** Opening PROVIDED INFORMATION block **
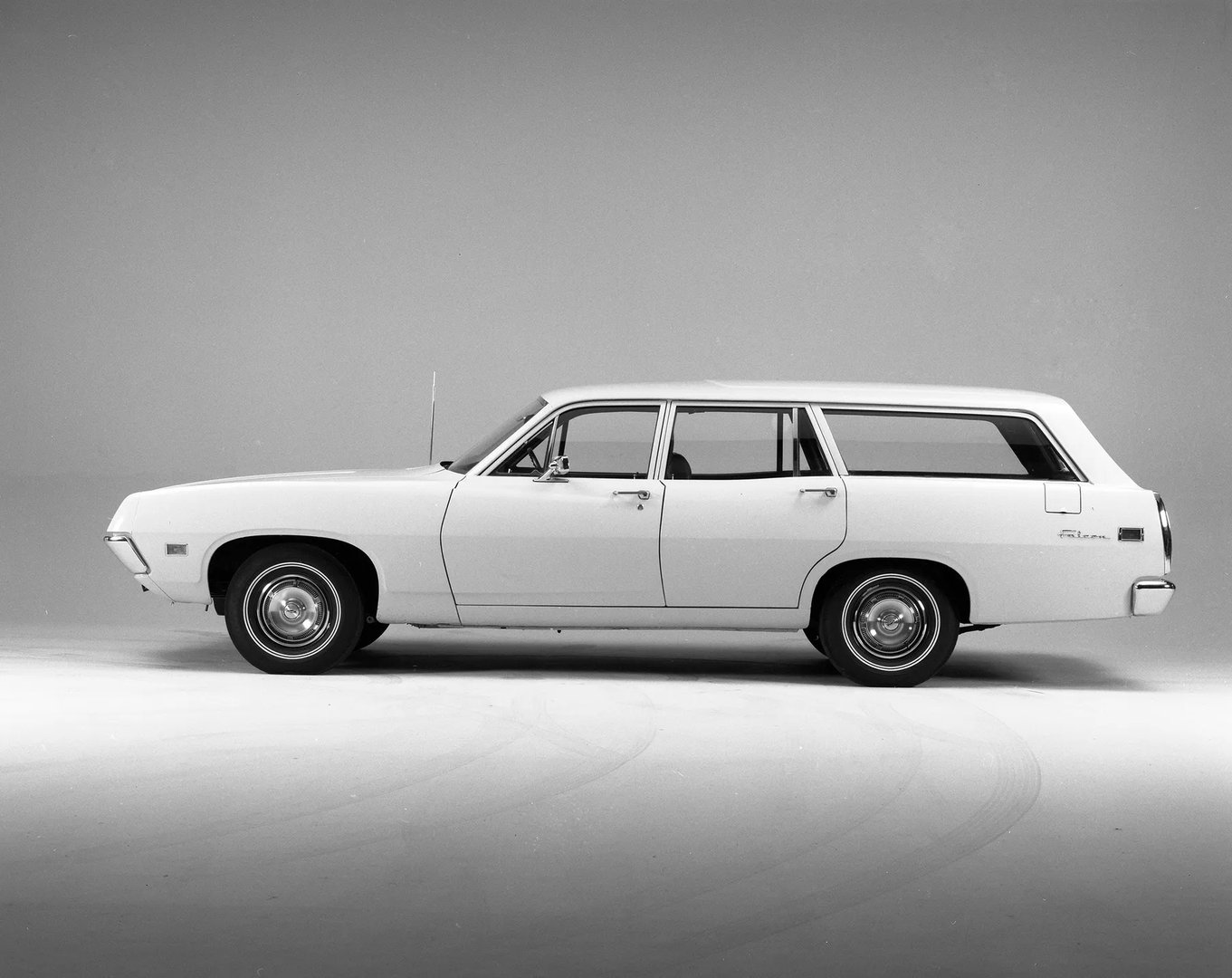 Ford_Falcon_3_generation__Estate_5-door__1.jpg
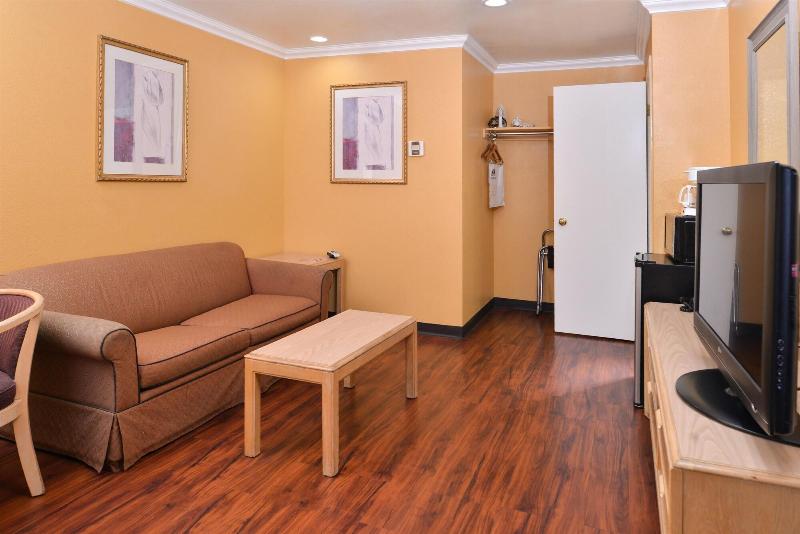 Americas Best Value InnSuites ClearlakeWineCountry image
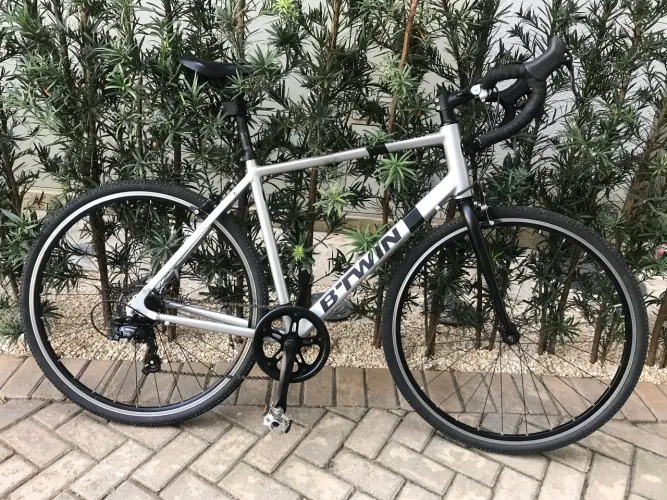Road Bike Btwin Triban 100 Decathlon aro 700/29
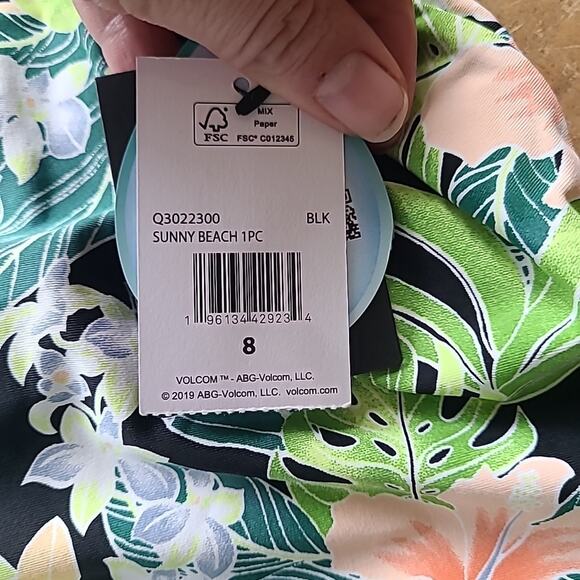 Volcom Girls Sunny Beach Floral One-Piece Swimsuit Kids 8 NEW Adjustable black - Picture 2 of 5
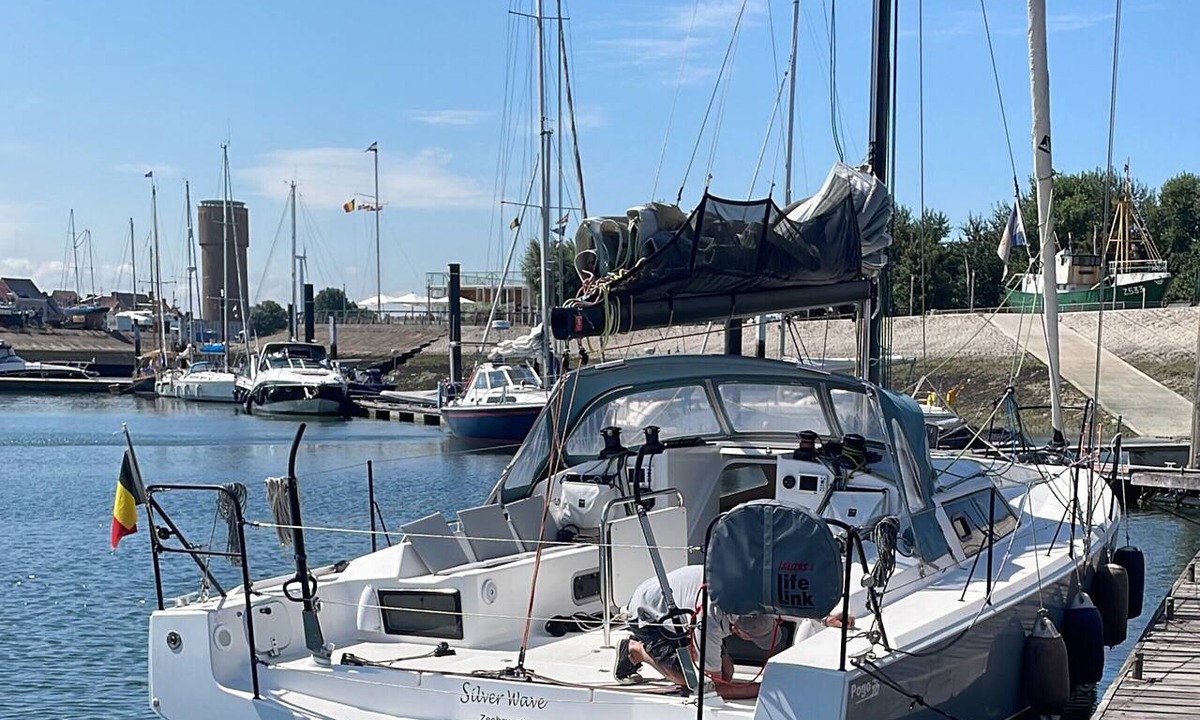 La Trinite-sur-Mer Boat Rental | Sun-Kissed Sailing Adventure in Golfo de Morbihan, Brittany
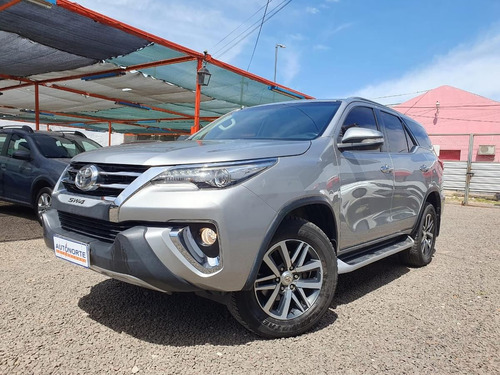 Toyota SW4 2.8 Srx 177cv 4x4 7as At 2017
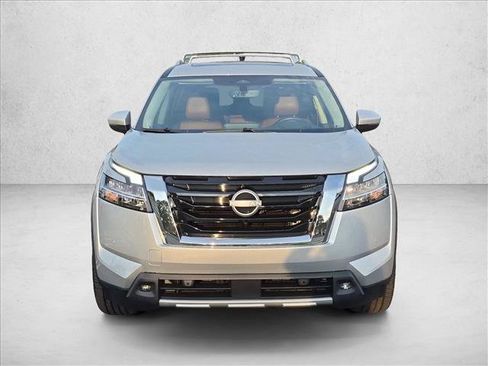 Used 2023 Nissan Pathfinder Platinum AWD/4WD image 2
** Closing PROVIDED INFORMATION block **
WHAT TO DO - The copy should hold exactly the lines from the one containing "Road Bike Btwin" through the final line of the records above, both ends included, and no picture.

YOUR SOLUTION -
Road Bike Btwin Triban 100 Decathlon aro 700/29
 Volcom Girls Sunny Beach Floral One-Piece Swimsuit Kids 8 NEW Adjustable black - Picture 2 of 5
 La Trinite-sur-Mer Boat Rental | Sun-Kissed Sailing Adventure in Golfo de Morbihan, Brittany
 Toyota SW4 2.8 Srx 177cv 4x4 7as At 2017
 Used 2023 Nissan Pathfinder Platinum AWD/4WD image 2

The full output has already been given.